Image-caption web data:

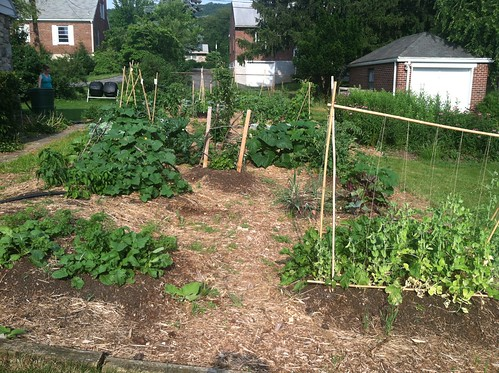 Albright College Garden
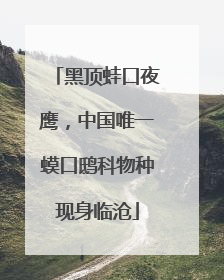 黑顶蛙口夜鹰，中国唯一蟆口鸱科物种现身临沧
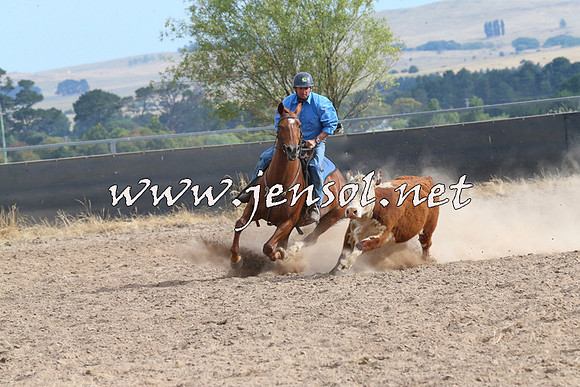 BraidwoodCampdraft2014_1634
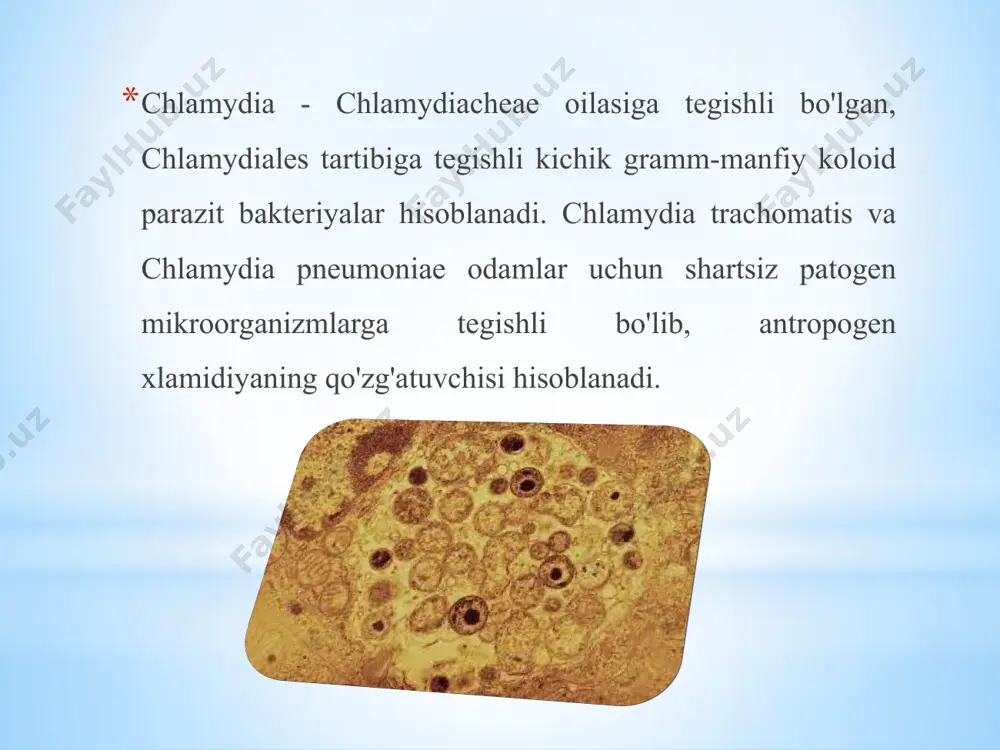 asida elementar xlamidiya tanachalarining adsorbsiyasi sodir bo'ladi. xlamidiyaning hujayra ichiga kiritilishi endositoz orqali sodir bo'ladi. plazmolemmaning et bilan adsorbsiyalangan uchastkalari fagotsitar vakuolalar hosil bo'lishi bilan sitoplazmaga kirib boradi. ushbu bosqich 7-10 soat davom etadi. keyinchalik 6-8 soat ichida yuqumli elementar tanalar metabolik faol yuqumli bo'lmagan, vegetativ, hujayra ichidagi shakllarga - rtga qayta tashkil etiladi, ular qayta-qayta bo'linadi. mikrokoloniyalar bo'lgan bu hujayra ichidagi shakllar xlamidiya qo'shimchalari deb ataladi. rivojlanishdan 18-24 soat ichida ular mezbon hujayra membranasidan hosil bo'lgan sitoplazmatik pufakchada joylashadi. koloniya 100 dan 500 gacha retikulyar xlamidiya tanalarini o'z ichiga olishi mumkin. keyingi bosqichda 36-42 soat ichida kamolot (oraliq jismlarning shakllanishi) va elementar jismlarga bo'linish orqali retikulyar jismlarning o'zgarishi sodir bo'ladi. infektsiyalangan hujayrani yo'q qilish. undan elementar jismlar paydo bo'ladi. hujayradan tashqari elementar jismlar 40-72 soatdan keyin yangi hujayralariga kirib boradi va xlamidiya rivojlanishining yangi sikli boshlanadi. xlamidiyaning yopishqoq xususiyatlari hujayralar tashqi membranasining oqsillari tufayli yuzaga keladi, ular ham antifagotsitik …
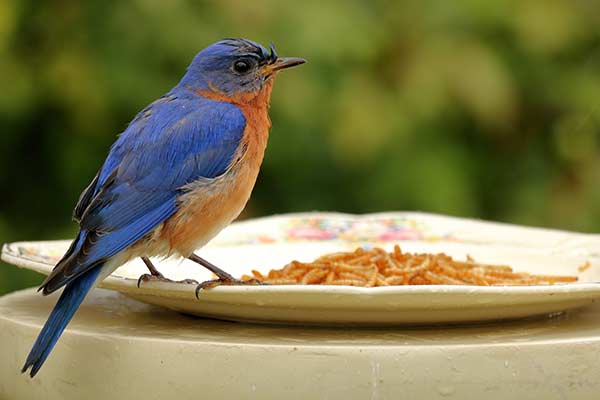 Image of Bluebird on Plate of Mealworms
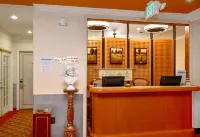 Brand Plaza Hotel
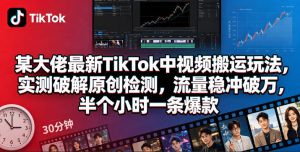 某大佬最新TikTok中视频搬运玩法，实测破解原创检测，流量稳冲破万，半个小时一条爆款-网创资源总站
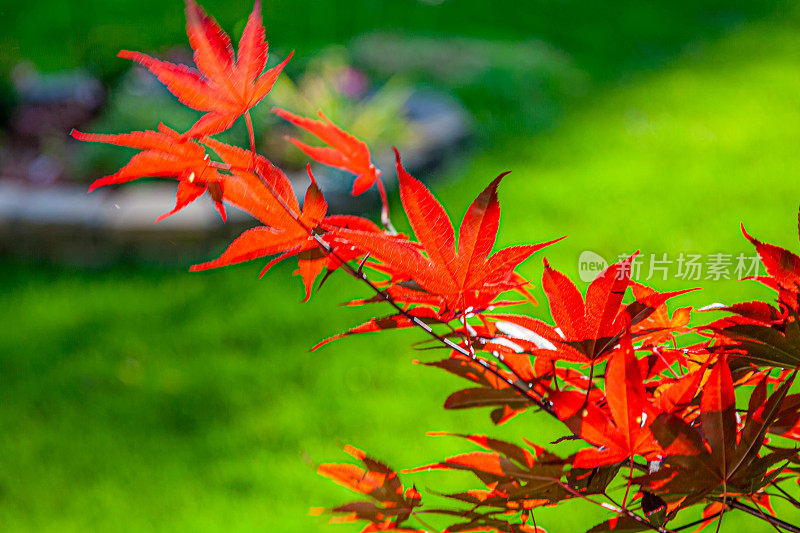 花、树等。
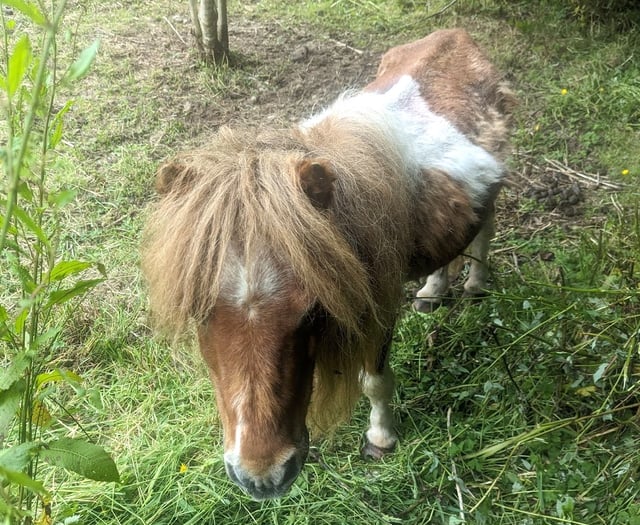 Llansteffan man sentenced for two offences under Animal Welfare Act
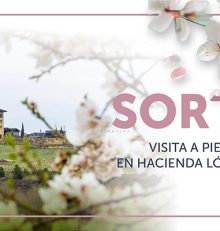 Bases de participación del sorteo primavera Visita a pie de viña en Hacienda López de Haro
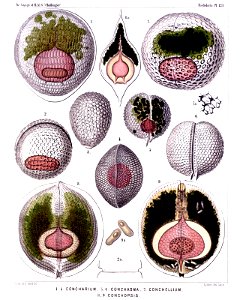 Radiolaria (Challenger) Plate 123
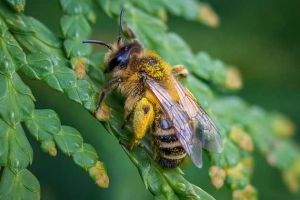 現在養蜜蜂還能賺錢嗎？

PROBLEM REQUIREMENTS: Above are the records; reproduce them exactly and leave out the pictures.

WRITTEN ANSWER:
 Albright College Garden
 黑顶蛙口夜鹰，中国唯一蟆口鸱科物种现身临沧
 BraidwoodCampdraft2014_1634
 asida elementar xlamidiya tanachalarining adsorbsiyasi sodir bo'ladi. xlamidiyaning hujayra ichiga kiritilishi endositoz orqali sodir bo'ladi. plazmolemmaning et bilan adsorbsiyalangan uchastkalari fagotsitar vakuolalar hosil bo'lishi bilan sitoplazmaga kirib boradi. ushbu bosqich 7-10 soat davom etadi. keyinchalik 6-8 soat ichida yuqumli elementar tanalar metabolik faol yuqumli bo'lmagan, vegetativ, hujayra ichidagi shakllarga - rtga qayta tashkil etiladi, ular qayta-qayta bo'linadi. mikrokoloniyalar bo'lgan bu hujayra ichidagi shakllar xlamidiya qo'shimchalari deb ataladi. rivojlanishdan 18-24 soat ichida ular mezbon hujayra membranasidan hosil bo'lgan sitoplazmatik pufakchada joylashadi. koloniya 100 dan 500 gacha retikulyar xlamidiya tanalarini o'z ichiga olishi mumkin. keyingi bosqichda 36-42 soat ichida kamolot (oraliq jismlarning shakllanishi) va elementar jismlarga bo'linish orqali retikulyar jismlarning o'zgarishi sodir bo'ladi. infektsiyalangan hujayrani yo'q qilish. undan elementar jismlar paydo bo'ladi. hujayradan tashqari elementar jismlar 40-72 soatdan keyin yangi hujayralariga kirib boradi va xlamidiya rivojlanishining yangi sikli boshlanadi. xlamidiyaning yopishqoq xususiyatlari hujayralar tashqi membranasining oqsillari tufayli yuzaga keladi, ular ham antifagotsitik …
 Image of Bluebird on Plate of Mealworms
 Brand Plaza Hotel
 某大佬最新TikTok中视频搬运玩法，实测破解原创检测，流量稳冲破万，半个小时一条爆款-网创资源总站
 花、树等。
 Llansteffan man sentenced for two offences under Animal Welfare Act
 Bases de participación del sorteo primavera Visita a pie de viña en Hacienda López de Haro
 Radiolaria (Challenger) Plate 123
 現在養蜜蜂還能賺錢嗎？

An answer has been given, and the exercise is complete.